(And I had no umbrella for a long, long time)
Little did I know that this would be one of my worst trips to the hills. Like every twice a year, I had prepared a rag-tag team to row a raft at our familiar spot and Apu, Karuna, and myself were on the verge of taking a bus to Hrishikesh (for the want of logistics), when plop emerged dear KS on my phone-receiver. She wanted to bring along her hubby and his four friends. Now, I did some mental math to realize that made right number of occupants for a Sumo. What I had not bargained was a bratpack of class-conscious, deluxe bus tourists who were given to an armchair lifestyle and who were going to wrap themselves like millstones around my neck. Everybody knows how useful a millstone is while crossing a river or a rapid. That was it — five millstones around my neck in a deep, turbulent river.
Top of their histrionics was shelling out money so grudgingly as if they were paying off a slimy tourist agent. First, they wanted themselves to be picked from home. Second, they would drink no hoi-polloi's daaru — nothing less than Smirnoff (brought from Gurgaon for a dent of Rs 400) will do. They will buy it themselves and that would be deducted from the pool money. Right? Okay, sir.
As the time came to settle down in the vehicle, one of the blokes complained of backache and occupied the front seat with his wife. This would ensure that by the end of journey, others would also be complaining of backaches. Next, one of their friends wanted to be picked and later dropped from/to Muzzafarpur on our way to Hrishikesh. To add insult, at the eleventh hour, this asshole thought that he would reach directly to the spot where rafting began. He did reach on his own but good three hours behind schedule, and delayed all of us. Which meant that we shall also be delayed for the lunch. Rafting on an empty belly wasn’t a pleasant drill, I assure you.
Read on, the trial is not finished yet. One lady in their group did not want to be troubled with water splashes (hooonnn, say that again!!). They would order food on the way like hungry hogs but ate little. All of them would have only Pepsi and 7-ups, then leave the bottles half-empty. None of them, except KS’s hubby (a sweet, young, hassle-free soul) would exercise their limbs to row the paddle. Excuse me? Are you here for rafting or boating with Kallu Mallah? But no point telling them that. They were deaf to guide’s commands and my requests. Somehow, I had extra rum to keep sane.

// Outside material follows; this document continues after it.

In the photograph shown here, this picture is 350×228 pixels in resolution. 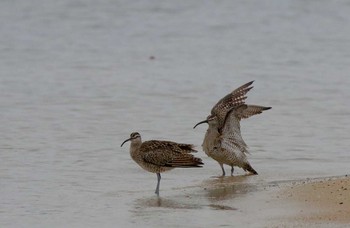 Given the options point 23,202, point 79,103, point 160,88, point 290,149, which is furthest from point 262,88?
point 23,202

Rafting over, they wanted to be dropped first and for that they were ready to even lobbying with the Sumo driver a few kms before Delhi border. Never mind, if it had been already decided which route would be taken so that single girls in the group are not delayed beyond a point. Who the fuck on earth they thought they were, and who was going to pay for those extra kilometres — the tourist agency that I worked for? I wanted to apply for a gun licence.

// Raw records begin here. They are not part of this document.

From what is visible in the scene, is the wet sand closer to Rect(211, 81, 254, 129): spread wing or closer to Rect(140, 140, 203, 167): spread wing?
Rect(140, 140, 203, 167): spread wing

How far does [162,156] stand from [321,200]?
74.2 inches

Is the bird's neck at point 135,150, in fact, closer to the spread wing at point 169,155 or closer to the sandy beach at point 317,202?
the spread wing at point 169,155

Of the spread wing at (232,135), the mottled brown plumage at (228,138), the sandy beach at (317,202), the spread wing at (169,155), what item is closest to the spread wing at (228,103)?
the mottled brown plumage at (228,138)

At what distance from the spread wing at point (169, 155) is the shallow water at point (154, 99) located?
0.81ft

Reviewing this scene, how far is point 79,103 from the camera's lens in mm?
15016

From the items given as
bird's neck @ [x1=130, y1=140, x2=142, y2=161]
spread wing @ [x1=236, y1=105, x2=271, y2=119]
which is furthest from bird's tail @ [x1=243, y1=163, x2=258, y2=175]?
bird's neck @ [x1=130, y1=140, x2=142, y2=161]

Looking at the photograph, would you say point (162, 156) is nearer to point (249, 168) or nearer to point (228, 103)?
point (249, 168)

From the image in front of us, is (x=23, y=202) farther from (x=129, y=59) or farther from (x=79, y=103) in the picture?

Finally, after I thought that I had seen the last of the punjus (more a class than caste), gone to bed praying for their early death, one of the morons rang my landline. Since the phone’s volume was set to use it like a wake-up alarm, the ring was difficult to ignore. The louse had forgotten his mobile handset in the Sumo, but wouldn’t come to the point straight. "Hi Pankaj, it was a great trip..." I had little time for pleasantries in the dead of the night so I asked him plain, “Is that why you are calling?” Sheepishly, he told me his problem, then requested to make sure that the driver would not palm off his gizmo. "I can collect it from your office tomorrow." Okay, I mumbled and drowned into sleep; keeping the phone off-hook.
Now, guess what was the date when we touched Delhi back – April 1. What a day to make you feel better! At least, the calender was with me. Understandably, I didn’t plan another trip for a long time. Conclusion was if rum, Sukriti and Apu were not there, I would have poisoned a few of those nerds.

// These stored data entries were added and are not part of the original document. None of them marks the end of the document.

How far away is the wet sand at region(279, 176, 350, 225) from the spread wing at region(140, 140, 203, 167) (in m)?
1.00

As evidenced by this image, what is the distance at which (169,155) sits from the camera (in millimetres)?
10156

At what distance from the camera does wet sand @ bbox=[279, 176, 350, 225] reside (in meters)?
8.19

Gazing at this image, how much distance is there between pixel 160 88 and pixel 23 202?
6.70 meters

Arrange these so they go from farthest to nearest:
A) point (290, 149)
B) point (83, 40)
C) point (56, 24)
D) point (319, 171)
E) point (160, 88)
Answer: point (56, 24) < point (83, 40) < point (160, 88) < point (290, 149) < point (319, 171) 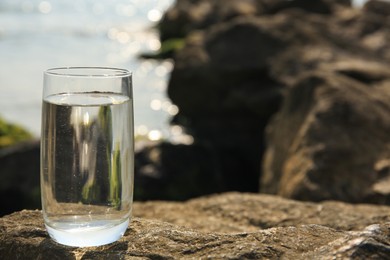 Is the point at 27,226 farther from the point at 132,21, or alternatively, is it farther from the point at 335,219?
the point at 132,21

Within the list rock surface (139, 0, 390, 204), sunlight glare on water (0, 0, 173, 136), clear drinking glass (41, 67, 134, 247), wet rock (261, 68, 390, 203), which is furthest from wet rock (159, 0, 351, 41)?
clear drinking glass (41, 67, 134, 247)

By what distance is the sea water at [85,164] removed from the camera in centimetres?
217

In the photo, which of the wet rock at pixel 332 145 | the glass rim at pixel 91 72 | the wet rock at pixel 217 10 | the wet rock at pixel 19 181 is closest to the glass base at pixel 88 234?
the glass rim at pixel 91 72

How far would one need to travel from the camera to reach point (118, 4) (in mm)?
53000

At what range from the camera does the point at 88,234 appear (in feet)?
7.14

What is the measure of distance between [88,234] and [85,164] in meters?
0.22

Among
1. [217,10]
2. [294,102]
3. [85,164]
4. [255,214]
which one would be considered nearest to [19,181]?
[294,102]

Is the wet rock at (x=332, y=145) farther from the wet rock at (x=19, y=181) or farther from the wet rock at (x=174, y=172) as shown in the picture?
the wet rock at (x=19, y=181)

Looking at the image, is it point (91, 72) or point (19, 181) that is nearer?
point (91, 72)

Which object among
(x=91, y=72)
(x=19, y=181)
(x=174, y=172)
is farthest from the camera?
(x=174, y=172)

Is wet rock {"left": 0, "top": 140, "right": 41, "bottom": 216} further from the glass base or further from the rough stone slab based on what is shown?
the glass base

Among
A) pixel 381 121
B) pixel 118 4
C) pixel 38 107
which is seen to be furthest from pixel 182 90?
pixel 118 4

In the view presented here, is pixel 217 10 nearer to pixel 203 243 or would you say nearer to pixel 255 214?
pixel 255 214

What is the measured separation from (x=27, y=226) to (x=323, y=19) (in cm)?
841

Not that nothing good came out of the trip. You lose some, you win some. There was The Wall of course, negotiated for the first time. Dear old Sukriti was back in the loop. We met almost after one full year, hugged each other tightly in full view of road-users at ISBT, talked our hearts out in Hrishikesh and drank to capacity in the night. She kept cursing the world and I kept refilling the glasses. Then after a while, I began cursing NGOs and she took up the bartending. Finally, between the two of us we finished one and a half bottle.
There are more of gains. About three trips back, I had come across a great guy: Anshuman Sen, one of Apu's many cousins. He turned out to be the right chap for such trips — trustworthy, hassle-free and obedient. On this trip, Sukriti had brought along a new girl, Supriya, non-selfish, team-spirited, vivacious, and most important, a great piece of relief among that bunch of self-gratifying jokers. She even passed on her sympathies with a wink in the toughest of times. And yesssss, in my Mungeri-Lal mind I often visualised Anshuman and Supriya in the same trip, and enjoying themselves.